Many legal issues must be considered when preparing newspaper subscription promotions. What you communicate about "premium editions" – the cost and how they impact the length of a newspaper subscription can be critical, legally. These legal issues were brought into sharp focus in a recent lawsuit.

Imagine one morning at your office you are served with a class action lawsuit alleging the following:

  • Your newspaper has a business practice designed to take advantage of its subscribers.
  • Subscribers sign up for advertised offers such as "One-Year Subscription" or a "26-week Subscription." But that is not what they received.
  • Instead they receive, as frequently as once a month, a so-called premium edition.
  • This premium edition is filled almost exclusively with advertising and other "puff" pieces.
  • Subscribers are charged $2 per issue for the premium edition.
  • Rather than send the subscriber a bill or give them a chance to turn down the premium edition, $2 in value is deducted from the end of the subscriber's subscription.
  • Subscribers are not given the chance to opt out.
  • The details about the surcharge are buried in fine print that contradicts the explicit plain language of the advertisements that have bold headlines promising a fixed-length subscription.
  • Worse, subscribers who are signed up for automatic debit programs are likely to never notice their subscription has been materially shortened.
  • This practice was designed "to fly under the radar."
  • Advertising a fixed-length subscription and then modifying it in fine print is an unfair and deceptive act that violates the law.
  • The complaint cites Federal Trade Commission policy on deception: "Depending on the circumstances, accurate information in the text may not remedy a false headline because reasonable consumers may glance only at the headline. Written disclosures or fine print maybe insufficient to correct a misleading representation."
  • The lawsuit asked for two remedies:
    • Refund all subscribers the money charged for the premium editions.
    • Issue a permanent injunction preventing your newspaper from advertising fixed-length subscriptions that it intends to materially shorten with premium editions without sufficient disclosure.

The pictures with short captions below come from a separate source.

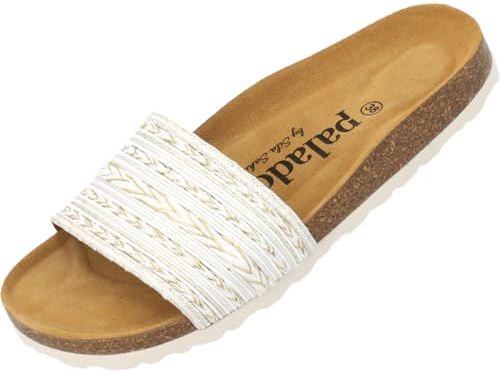 Palado Pantoletten Damen Solista by Sila Sahin - modische Sandalen Made in Spain - bequeme Hausschuhe mit Kork-Fußbett - elegante Sommerschuhe Weiß/Gold UK6 - EU39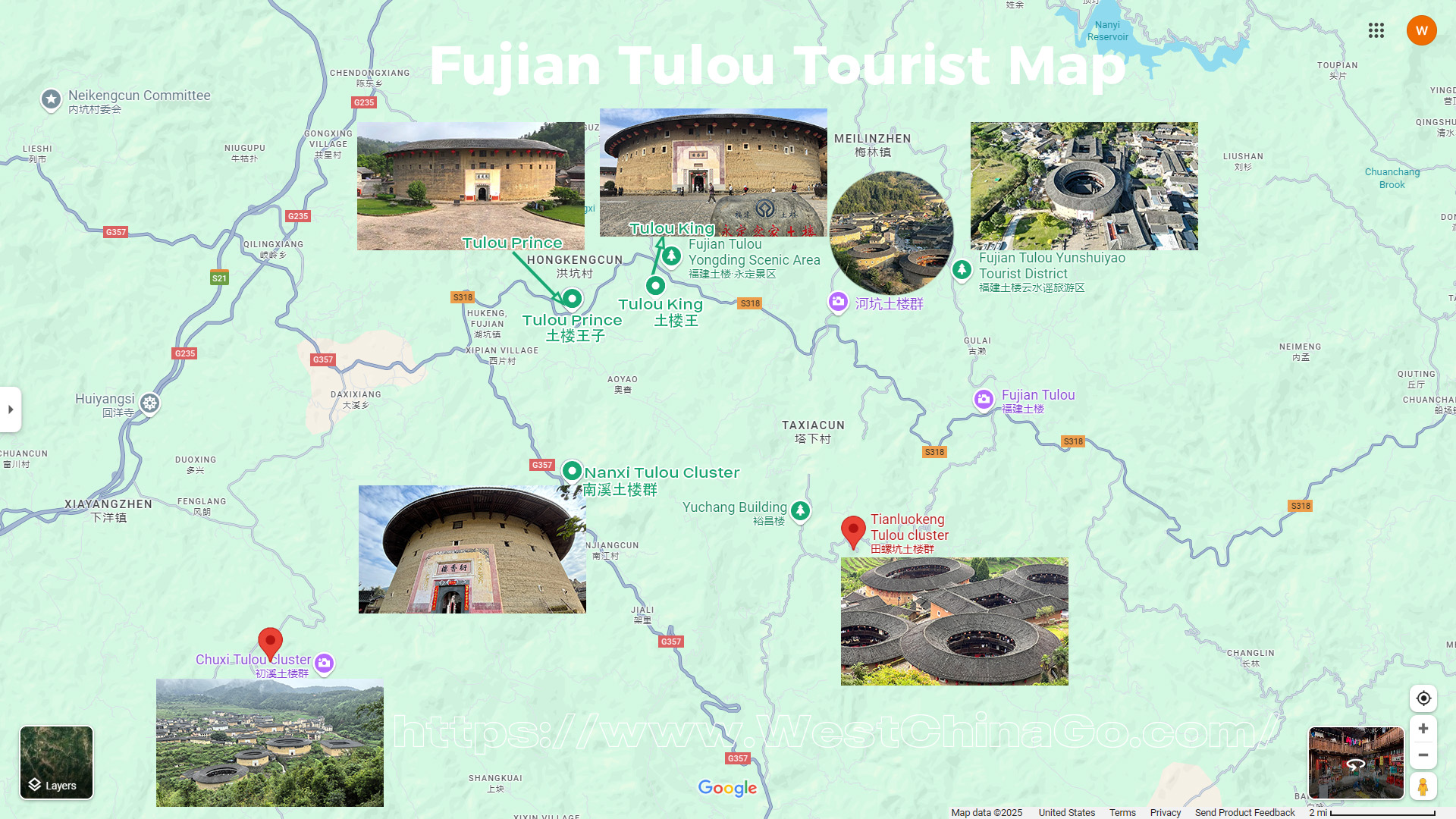 Fujian Tulou Tourist Map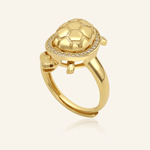 Golden Turtle Citrine Ring - Love Estella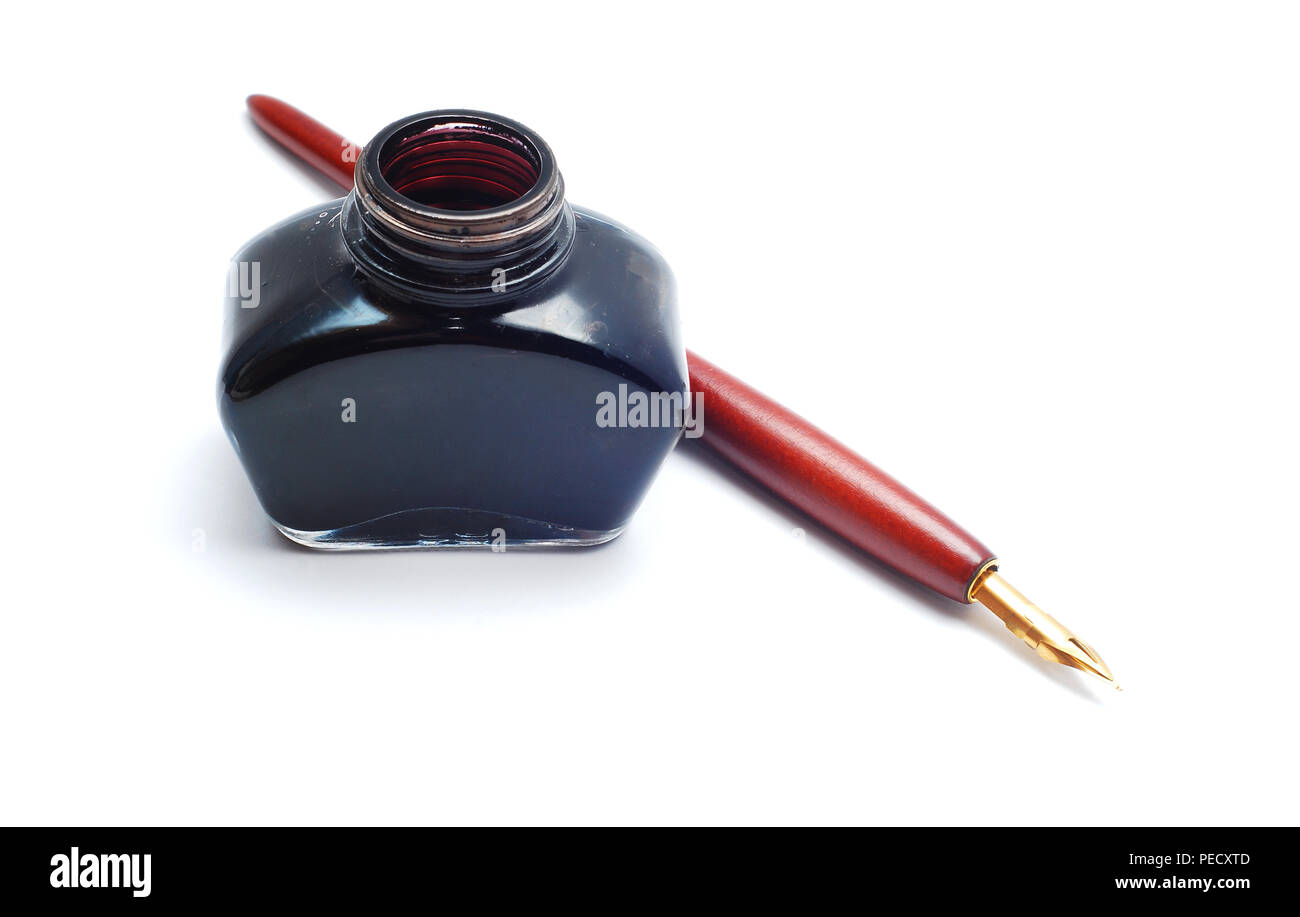 quill pen and ink bottle isolated on white Stock Photo Alamy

Most states have consumer protection laws or unfair business practice laws that are broadly worded. In one state, the standard jury instruction given in an unfair or deceptive practice case reads as follows:

"In order to prove that the defendant engaged in an unfair or deceptive act or practice, it is sufficient to show that the act or practice had the capacity to deceive a substantial portion of the public. Plaintiff does not need to show that the act or practice was intended to deceive."

The law of each state must be examined to determine the legally appropriate language to be used in your subscription sales and promotion materials.

In conclusion, after reviewing your sales and promotion materials, you should feel confident your materials do not in anyway deceive your subscribers. You should feel confident that you can successfully defend yourself against the allegations in the lawsuit described above. This is an area where transparency is going to be important not only for legal reasons, but for good subscriber relations reasons. 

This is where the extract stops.